2018 is the 100th anniversary of the former RAF station at Bircham Newton, near Stanhoe, as well as the foundation of the Royal Air Force. To celebrate, the RAF Heritage Centre at Bircham Newton is holding a special Veterans’ Day on Saturday 19 May, as well as its usual programme of open days through the summer and autumn.

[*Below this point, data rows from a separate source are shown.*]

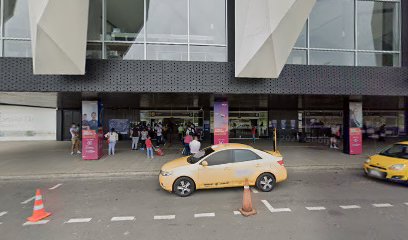 Cajero ATH Oficina Central De Transportes I - Banco de Bogotá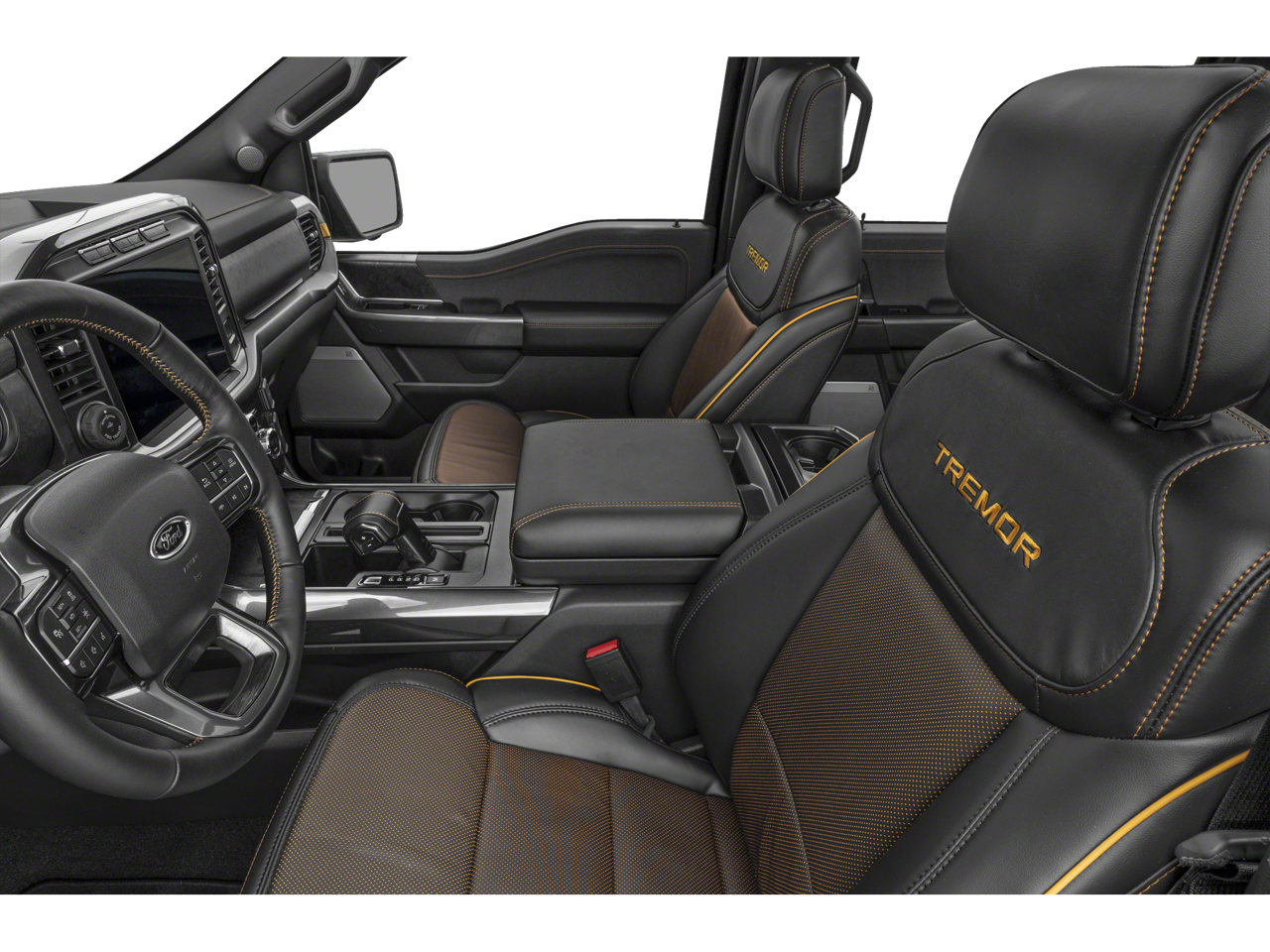 2022 Ford F-150 Tremor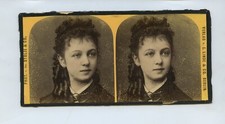 Atriz/dançarina? - Stereoview - Stolze / Verlag & Linde Berlin  comprar usado  Enviando para Brazil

The Veterans’ Day will be open to all former service personnel who served or were trained at Bircham Newton, and their close families. Visitors are expected to include former RAF administrative apprentices who trained there in the late 1950s and early 1960s, former national servicemen, former members of the Women’s Royal Air Force, and officers who trained at the Officers’ Advanced Training School (OATS) or its successor the Junior Command and Staff School (JCSS). The event will start at 1.30 pm and entrance will be free.
Other visitors will be welcome at the Heritage Centre on a series of open days beginning in just a few weeks:
- Easter Sunday, 1st and Monday 2nd April
- Early May Bank Holiday Sunday 6th May and Monday 7th May
- Veterans’ Day: Saturday 19th May starting at 1 pm
- Spring Bank Holiday Sunday 27th and Monday 28th May
- Last Sunday in June: 24th June
- Last Sunday in July: 29th July
- Summer Bank Holiday Sunday 26th August and Monday 27th August
- Last Sunday in September: 30th September
The Heritage Centre has a unique collection of photographs, personal memories of servicemen and other items. It is run entirely by volunteers, many of whom are ex-servicemen or children of service personnel. Close by there are two stone memorials to remember those who served at Bircham Newton and its main satellite airfield near Docking.

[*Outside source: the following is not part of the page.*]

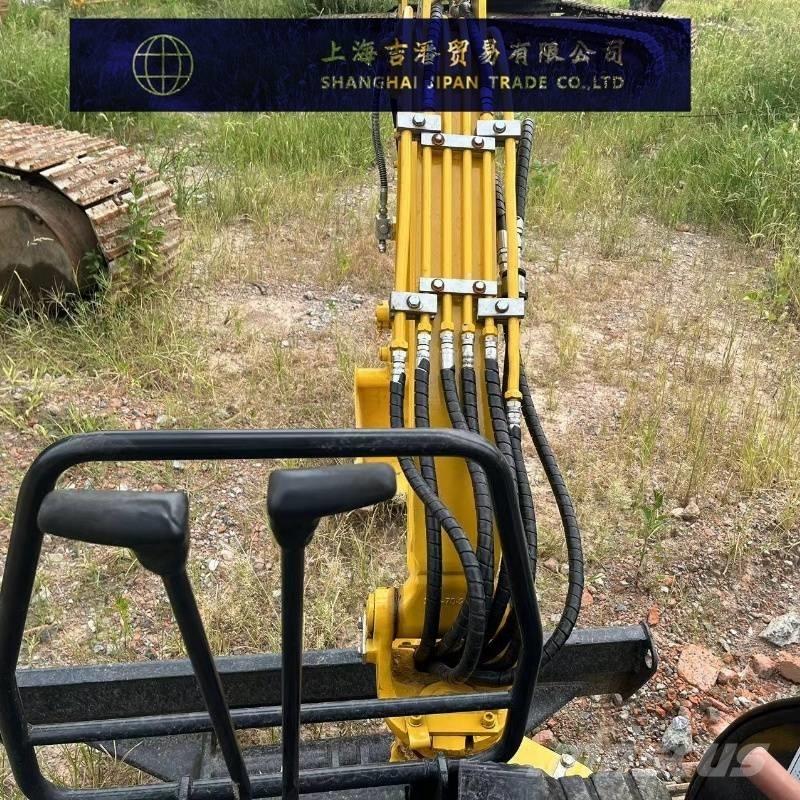Komatsu PC 20 MR Мини екскаватори < 7 т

Opening times are from 10 am to 4 pm. Entrance is free. Disabled access and toilet facilities are provided.
The RAF Bircham Newton Heritage Centre is based at the National Construction College, postcode PE31 6RB, which is signposted off the A148 and B1454.
Visit www.rafbnmp.org.uk or contact (tel 01379 741884), or (tel 01362 860139).

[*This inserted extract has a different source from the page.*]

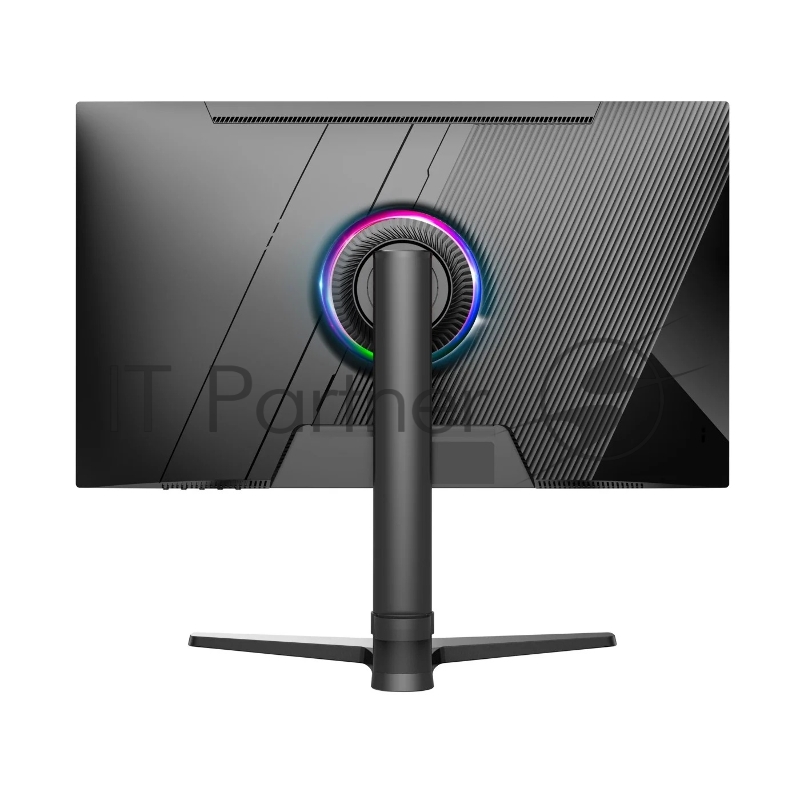 Монитор Bravus BVGQ3225P черный с поворотом экрана 32 VA, 2560x1440, 165Hz, 178°/178°, 1 ms, 250 cd/m, 20M:1, +2xHDMI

Flying from 1918 to the 1960s
The first unit to fly from Bircham Newton, No. 3 Fighting School, arrived in May 1918, just one month after the birth of the Royal Air Force. The Fighting School was soon joined by a second unit flying giant Handley Page bombers, with an audacious plan to bomb Germany.
Flying continued beyond the Armistice and throughout the inter-war years, increasing dramatically during the Second World War.
The station was finally closed in the early 1960s, at the height of the Cold War. Flying briefly returned in the mid–1960s, when trials of the Kestrel jump jet were conducted on the airfield.